YOUR INSTRUCTIONS: Pictures in the listing below are skipped, while the lines from the "南方工業水處理定量加藥泵GW045PR1 小型隔膜計量泵 耐腐蝕機械泵" line through the "I’m an Alchemist" line are returned word for word.

MATERIAL PROVIDED:
#####

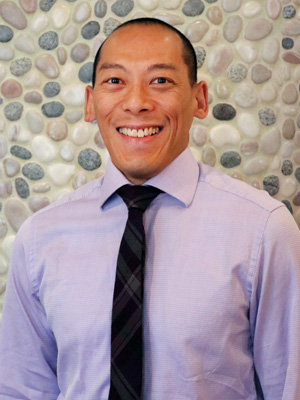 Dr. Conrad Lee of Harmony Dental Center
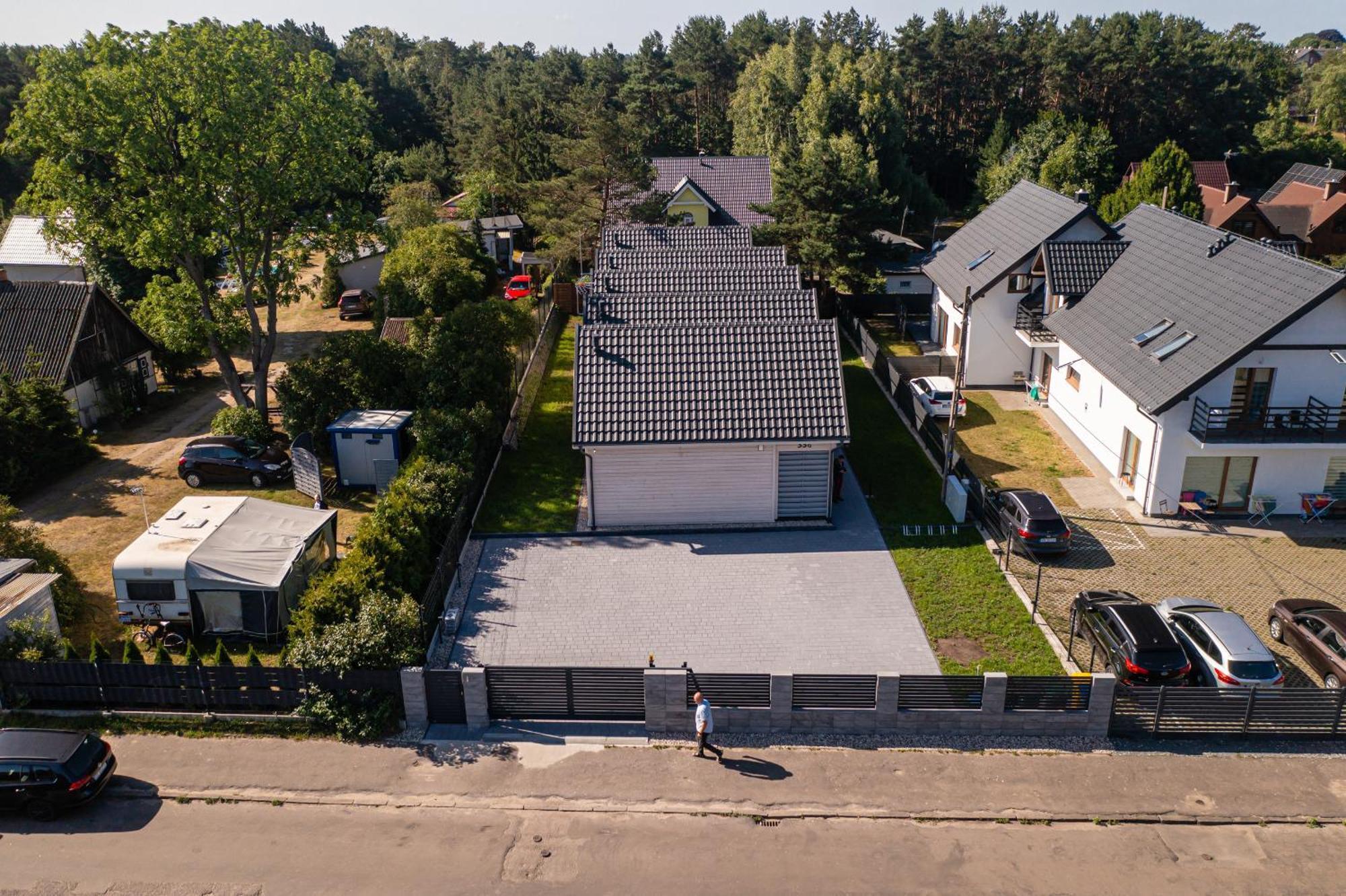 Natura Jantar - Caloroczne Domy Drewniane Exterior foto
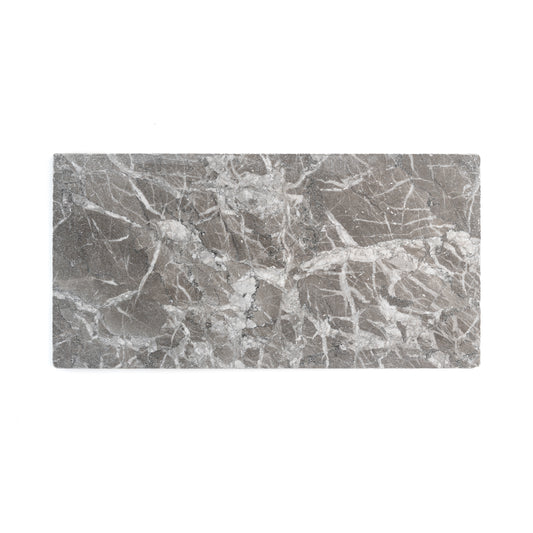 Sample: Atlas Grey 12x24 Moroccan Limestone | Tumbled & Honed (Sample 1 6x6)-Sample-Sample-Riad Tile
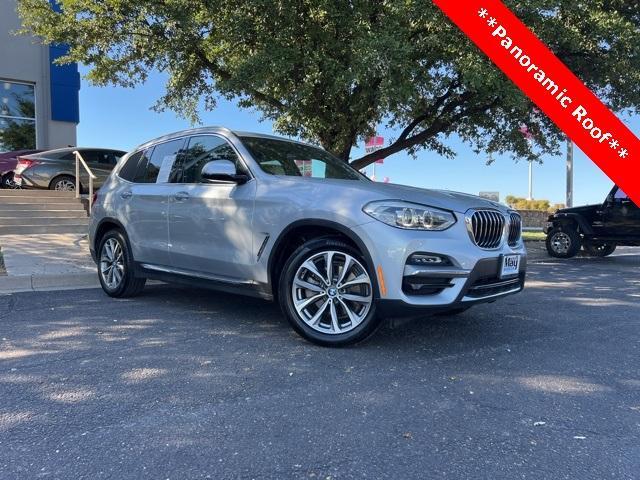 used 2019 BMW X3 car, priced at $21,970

#####

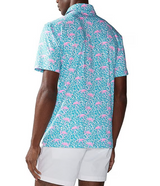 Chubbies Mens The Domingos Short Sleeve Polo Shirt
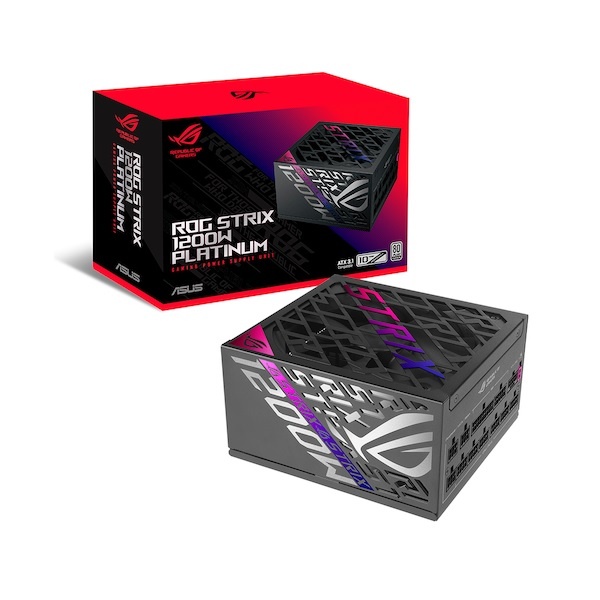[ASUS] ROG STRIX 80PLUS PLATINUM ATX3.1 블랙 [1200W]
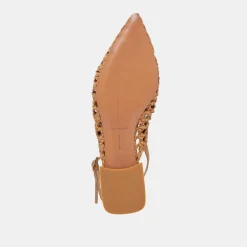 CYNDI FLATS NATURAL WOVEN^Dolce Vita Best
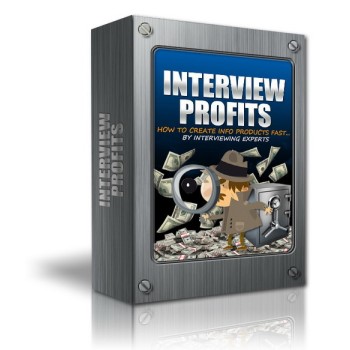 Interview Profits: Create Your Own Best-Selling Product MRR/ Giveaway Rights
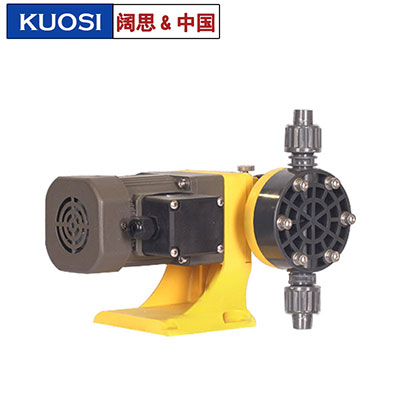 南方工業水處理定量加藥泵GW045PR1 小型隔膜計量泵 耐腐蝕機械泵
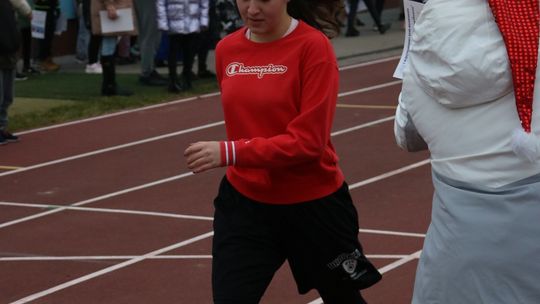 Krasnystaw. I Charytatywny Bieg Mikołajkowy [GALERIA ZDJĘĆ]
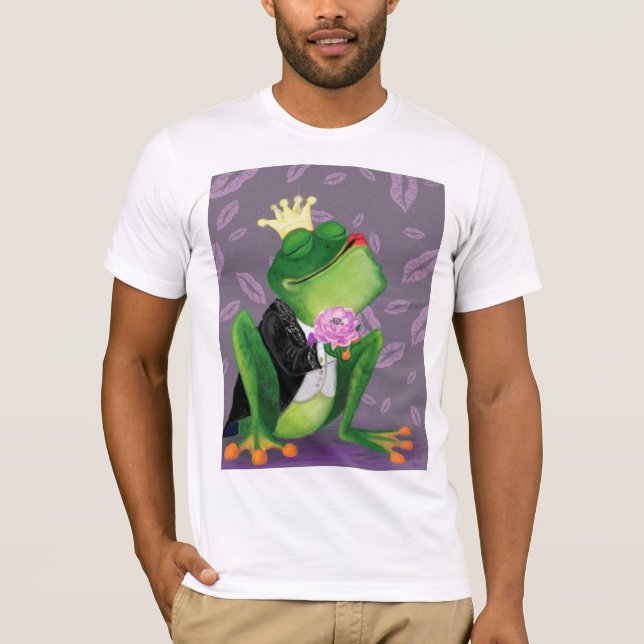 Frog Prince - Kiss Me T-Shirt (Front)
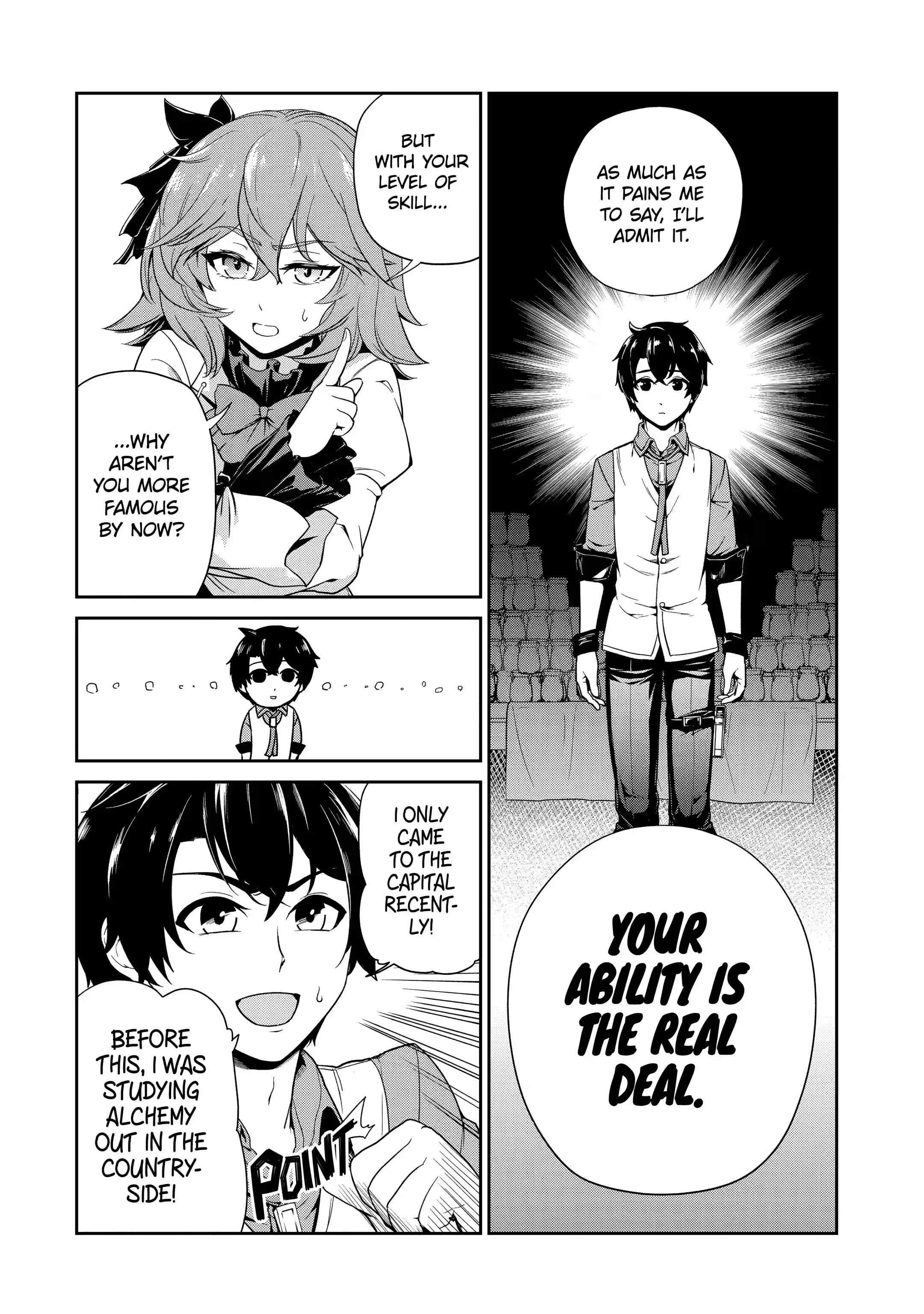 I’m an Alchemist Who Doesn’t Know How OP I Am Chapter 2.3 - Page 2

#####

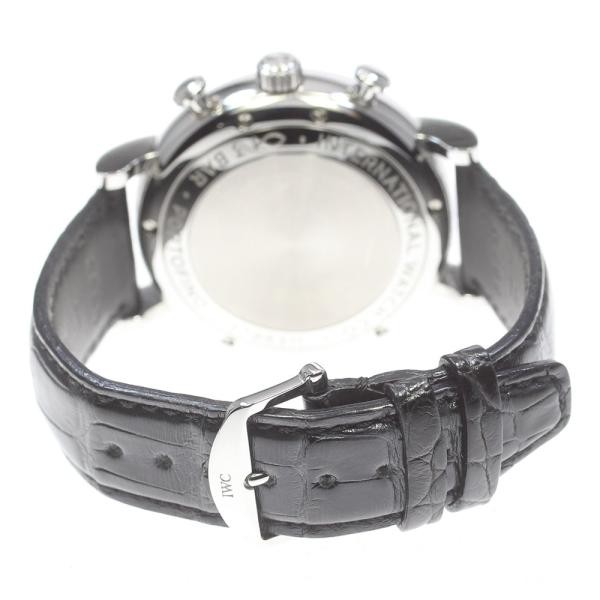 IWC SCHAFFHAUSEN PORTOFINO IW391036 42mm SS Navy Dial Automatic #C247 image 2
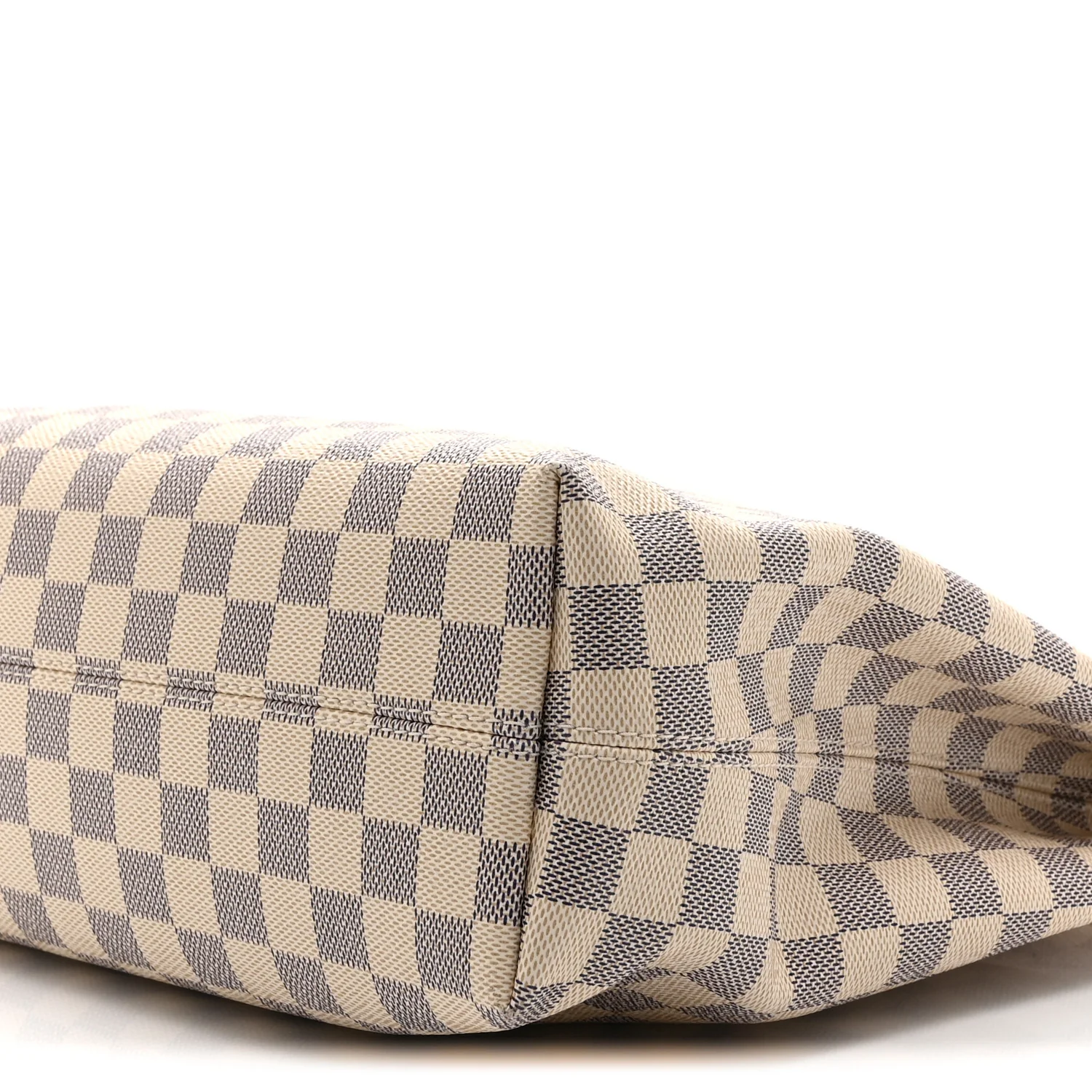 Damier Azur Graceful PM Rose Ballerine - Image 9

#####

WRITTEN SOLUTION:
 南方工業水處理定量加藥泵GW045PR1 小型隔膜計量泵 耐腐蝕機械泵
 Krasnystaw. I Charytatywny Bieg Mikołajkowy [GALERIA ZDJĘĆ]
 Frog Prince - Kiss Me T-Shirt (Front)
 I’m an Alchemist Who Doesn’t Know How OP I Am Chapter 2.3 - Page 2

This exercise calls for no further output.